Exercise instructions: Only one stretch of the records below is wanted: the lines from the one holding "a villa with" through the one holding "Charming single-story home". Return it exactly, both ends included.

Data records:

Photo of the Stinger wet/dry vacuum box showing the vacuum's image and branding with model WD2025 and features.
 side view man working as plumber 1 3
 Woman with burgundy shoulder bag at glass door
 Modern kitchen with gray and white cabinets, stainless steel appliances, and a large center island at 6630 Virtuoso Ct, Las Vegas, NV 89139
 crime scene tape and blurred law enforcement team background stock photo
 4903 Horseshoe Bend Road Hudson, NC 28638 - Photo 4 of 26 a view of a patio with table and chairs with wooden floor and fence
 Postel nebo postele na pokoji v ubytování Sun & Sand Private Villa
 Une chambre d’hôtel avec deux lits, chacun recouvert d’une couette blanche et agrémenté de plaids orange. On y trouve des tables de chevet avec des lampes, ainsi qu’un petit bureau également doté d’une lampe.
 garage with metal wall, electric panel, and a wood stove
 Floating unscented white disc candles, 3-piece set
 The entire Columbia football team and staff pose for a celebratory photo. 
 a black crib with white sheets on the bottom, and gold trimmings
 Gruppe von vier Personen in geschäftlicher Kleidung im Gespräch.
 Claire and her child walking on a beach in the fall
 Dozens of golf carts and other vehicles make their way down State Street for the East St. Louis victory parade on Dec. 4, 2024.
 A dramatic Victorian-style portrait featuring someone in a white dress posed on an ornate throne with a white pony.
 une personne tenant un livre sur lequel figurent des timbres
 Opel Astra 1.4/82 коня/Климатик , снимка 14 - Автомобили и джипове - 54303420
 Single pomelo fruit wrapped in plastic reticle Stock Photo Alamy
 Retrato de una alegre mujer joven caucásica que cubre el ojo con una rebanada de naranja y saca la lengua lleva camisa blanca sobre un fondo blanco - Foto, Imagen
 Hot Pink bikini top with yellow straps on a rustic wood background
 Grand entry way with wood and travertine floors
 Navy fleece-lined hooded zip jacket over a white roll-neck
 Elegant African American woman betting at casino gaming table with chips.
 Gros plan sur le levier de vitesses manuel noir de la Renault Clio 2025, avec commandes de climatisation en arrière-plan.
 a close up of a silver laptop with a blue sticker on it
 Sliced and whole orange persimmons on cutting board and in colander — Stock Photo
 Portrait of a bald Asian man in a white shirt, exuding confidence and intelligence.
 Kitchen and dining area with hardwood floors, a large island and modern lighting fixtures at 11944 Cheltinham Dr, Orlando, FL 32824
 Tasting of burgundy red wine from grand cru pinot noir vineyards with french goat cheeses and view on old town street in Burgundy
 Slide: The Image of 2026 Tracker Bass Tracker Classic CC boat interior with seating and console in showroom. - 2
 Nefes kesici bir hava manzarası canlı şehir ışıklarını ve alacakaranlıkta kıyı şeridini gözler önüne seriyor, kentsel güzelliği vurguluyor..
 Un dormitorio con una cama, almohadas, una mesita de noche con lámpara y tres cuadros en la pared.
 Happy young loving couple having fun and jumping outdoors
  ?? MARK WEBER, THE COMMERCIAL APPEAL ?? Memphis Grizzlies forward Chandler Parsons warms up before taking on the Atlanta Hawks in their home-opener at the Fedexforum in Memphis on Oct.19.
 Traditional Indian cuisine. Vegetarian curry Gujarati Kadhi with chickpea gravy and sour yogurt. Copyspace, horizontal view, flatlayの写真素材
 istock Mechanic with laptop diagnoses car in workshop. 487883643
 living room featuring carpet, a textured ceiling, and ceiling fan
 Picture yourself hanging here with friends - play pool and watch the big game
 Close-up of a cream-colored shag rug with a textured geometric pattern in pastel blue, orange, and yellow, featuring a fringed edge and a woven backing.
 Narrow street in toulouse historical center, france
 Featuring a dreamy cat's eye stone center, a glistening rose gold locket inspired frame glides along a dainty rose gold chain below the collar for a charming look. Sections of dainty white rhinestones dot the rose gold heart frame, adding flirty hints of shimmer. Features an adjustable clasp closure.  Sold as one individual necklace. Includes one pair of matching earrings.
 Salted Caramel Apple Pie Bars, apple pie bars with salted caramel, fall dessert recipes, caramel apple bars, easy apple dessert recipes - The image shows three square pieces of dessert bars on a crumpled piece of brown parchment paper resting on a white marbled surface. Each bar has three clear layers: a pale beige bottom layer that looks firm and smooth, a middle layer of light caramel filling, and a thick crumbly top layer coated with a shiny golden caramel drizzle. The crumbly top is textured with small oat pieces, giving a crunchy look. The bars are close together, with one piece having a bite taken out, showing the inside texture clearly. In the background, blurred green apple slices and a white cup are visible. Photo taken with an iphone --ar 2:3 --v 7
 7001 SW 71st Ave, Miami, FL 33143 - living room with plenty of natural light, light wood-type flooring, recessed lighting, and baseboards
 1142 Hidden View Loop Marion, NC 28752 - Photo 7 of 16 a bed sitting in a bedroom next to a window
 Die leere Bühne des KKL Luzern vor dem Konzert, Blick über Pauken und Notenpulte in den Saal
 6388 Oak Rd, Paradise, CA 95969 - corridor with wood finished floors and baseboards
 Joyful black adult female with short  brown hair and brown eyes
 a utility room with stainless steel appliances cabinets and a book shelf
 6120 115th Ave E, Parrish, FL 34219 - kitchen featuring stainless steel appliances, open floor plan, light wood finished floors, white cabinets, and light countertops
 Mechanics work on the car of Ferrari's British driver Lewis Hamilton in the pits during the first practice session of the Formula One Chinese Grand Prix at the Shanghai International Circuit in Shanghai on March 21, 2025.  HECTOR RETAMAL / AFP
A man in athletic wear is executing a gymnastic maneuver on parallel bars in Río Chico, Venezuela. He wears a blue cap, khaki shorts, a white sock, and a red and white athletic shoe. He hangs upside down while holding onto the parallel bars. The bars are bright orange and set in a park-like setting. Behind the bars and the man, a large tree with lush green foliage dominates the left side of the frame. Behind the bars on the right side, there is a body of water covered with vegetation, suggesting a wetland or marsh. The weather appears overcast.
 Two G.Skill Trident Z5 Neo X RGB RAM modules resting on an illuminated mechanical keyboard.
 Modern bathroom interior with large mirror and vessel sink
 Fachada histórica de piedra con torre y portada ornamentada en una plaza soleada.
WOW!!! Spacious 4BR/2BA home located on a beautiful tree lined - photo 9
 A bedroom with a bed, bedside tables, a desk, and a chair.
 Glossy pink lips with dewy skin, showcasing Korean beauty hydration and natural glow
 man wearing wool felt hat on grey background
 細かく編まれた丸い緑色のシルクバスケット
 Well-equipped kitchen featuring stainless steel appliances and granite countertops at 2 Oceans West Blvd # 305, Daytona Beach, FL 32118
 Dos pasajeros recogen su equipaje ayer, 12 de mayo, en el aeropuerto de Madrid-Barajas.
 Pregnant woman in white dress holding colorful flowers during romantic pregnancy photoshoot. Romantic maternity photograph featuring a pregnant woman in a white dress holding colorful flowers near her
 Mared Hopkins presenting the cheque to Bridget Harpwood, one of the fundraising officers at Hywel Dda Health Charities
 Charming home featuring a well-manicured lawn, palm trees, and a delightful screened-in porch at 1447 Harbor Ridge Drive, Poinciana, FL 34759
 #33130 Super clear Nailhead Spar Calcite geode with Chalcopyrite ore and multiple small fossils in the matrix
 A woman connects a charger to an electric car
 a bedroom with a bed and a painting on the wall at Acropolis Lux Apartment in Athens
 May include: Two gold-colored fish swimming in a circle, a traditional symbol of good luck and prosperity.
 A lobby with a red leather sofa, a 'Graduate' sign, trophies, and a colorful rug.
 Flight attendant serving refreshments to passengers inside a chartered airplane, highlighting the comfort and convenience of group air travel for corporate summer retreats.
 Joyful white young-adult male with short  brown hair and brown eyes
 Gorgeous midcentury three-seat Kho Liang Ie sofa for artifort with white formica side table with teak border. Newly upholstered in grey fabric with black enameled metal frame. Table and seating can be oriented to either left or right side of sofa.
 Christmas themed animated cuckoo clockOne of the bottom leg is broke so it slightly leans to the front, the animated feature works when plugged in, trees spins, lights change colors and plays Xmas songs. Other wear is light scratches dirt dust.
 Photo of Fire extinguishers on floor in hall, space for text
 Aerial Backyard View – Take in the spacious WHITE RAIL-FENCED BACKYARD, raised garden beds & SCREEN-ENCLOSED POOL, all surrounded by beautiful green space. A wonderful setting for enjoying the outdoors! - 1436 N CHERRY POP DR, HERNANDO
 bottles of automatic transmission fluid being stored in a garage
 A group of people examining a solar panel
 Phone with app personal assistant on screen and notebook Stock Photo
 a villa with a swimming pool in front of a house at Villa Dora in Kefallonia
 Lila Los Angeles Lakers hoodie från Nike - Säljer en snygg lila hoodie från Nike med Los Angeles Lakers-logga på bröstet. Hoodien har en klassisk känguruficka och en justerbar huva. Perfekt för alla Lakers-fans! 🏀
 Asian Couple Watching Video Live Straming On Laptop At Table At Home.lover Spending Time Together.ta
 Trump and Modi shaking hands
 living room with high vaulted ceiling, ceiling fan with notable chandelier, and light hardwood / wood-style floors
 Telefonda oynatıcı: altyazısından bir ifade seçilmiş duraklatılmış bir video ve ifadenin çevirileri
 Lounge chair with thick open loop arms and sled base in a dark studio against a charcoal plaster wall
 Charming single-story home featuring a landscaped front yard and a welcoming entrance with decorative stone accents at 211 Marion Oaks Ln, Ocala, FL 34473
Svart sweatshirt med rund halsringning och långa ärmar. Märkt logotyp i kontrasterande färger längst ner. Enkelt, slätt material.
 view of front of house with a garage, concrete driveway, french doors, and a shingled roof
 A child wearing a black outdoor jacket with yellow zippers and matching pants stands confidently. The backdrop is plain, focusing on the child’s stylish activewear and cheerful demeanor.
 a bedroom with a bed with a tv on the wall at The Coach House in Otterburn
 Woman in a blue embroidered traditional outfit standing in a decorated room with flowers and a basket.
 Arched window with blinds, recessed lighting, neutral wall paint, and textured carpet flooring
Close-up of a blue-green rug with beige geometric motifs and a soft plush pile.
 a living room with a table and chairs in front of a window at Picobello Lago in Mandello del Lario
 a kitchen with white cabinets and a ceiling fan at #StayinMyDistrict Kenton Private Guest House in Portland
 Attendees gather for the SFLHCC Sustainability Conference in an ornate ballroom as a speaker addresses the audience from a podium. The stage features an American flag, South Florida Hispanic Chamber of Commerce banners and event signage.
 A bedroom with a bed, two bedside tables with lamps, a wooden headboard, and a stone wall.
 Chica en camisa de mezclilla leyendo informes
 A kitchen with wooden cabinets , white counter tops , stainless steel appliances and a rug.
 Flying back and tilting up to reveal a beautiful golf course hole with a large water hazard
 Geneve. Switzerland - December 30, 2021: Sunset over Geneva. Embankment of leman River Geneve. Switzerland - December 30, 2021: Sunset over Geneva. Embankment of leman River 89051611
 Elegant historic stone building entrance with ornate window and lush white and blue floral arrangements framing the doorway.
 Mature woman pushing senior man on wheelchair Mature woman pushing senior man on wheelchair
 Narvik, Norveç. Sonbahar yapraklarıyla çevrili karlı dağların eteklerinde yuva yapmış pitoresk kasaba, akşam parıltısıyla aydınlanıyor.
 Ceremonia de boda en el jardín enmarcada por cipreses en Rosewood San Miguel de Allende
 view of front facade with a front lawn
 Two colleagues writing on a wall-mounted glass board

Answer box:
 a villa with a swimming pool in front of a house at Villa Dora in Kefallonia
 Lila Los Angeles Lakers hoodie från Nike - Säljer en snygg lila hoodie från Nike med Los Angeles Lakers-logga på bröstet. Hoodien har en klassisk känguruficka och en justerbar huva. Perfekt för alla Lakers-fans! 🏀
 Asian Couple Watching Video Live Straming On Laptop At Table At Home.lover Spending Time Together.ta
 Trump and Modi shaking hands
 living room with high vaulted ceiling, ceiling fan with notable chandelier, and light hardwood / wood-style floors
 Telefonda oynatıcı: altyazısından bir ifade seçilmiş duraklatılmış bir video ve ifadenin çevirileri
 Lounge chair with thick open loop arms and sled base in a dark studio against a charcoal plaster wall
 Charming single-story home featuring a landscaped front yard and a welcoming entrance with decorative stone accents at 211 Marion Oaks Ln, Ocala, FL 34473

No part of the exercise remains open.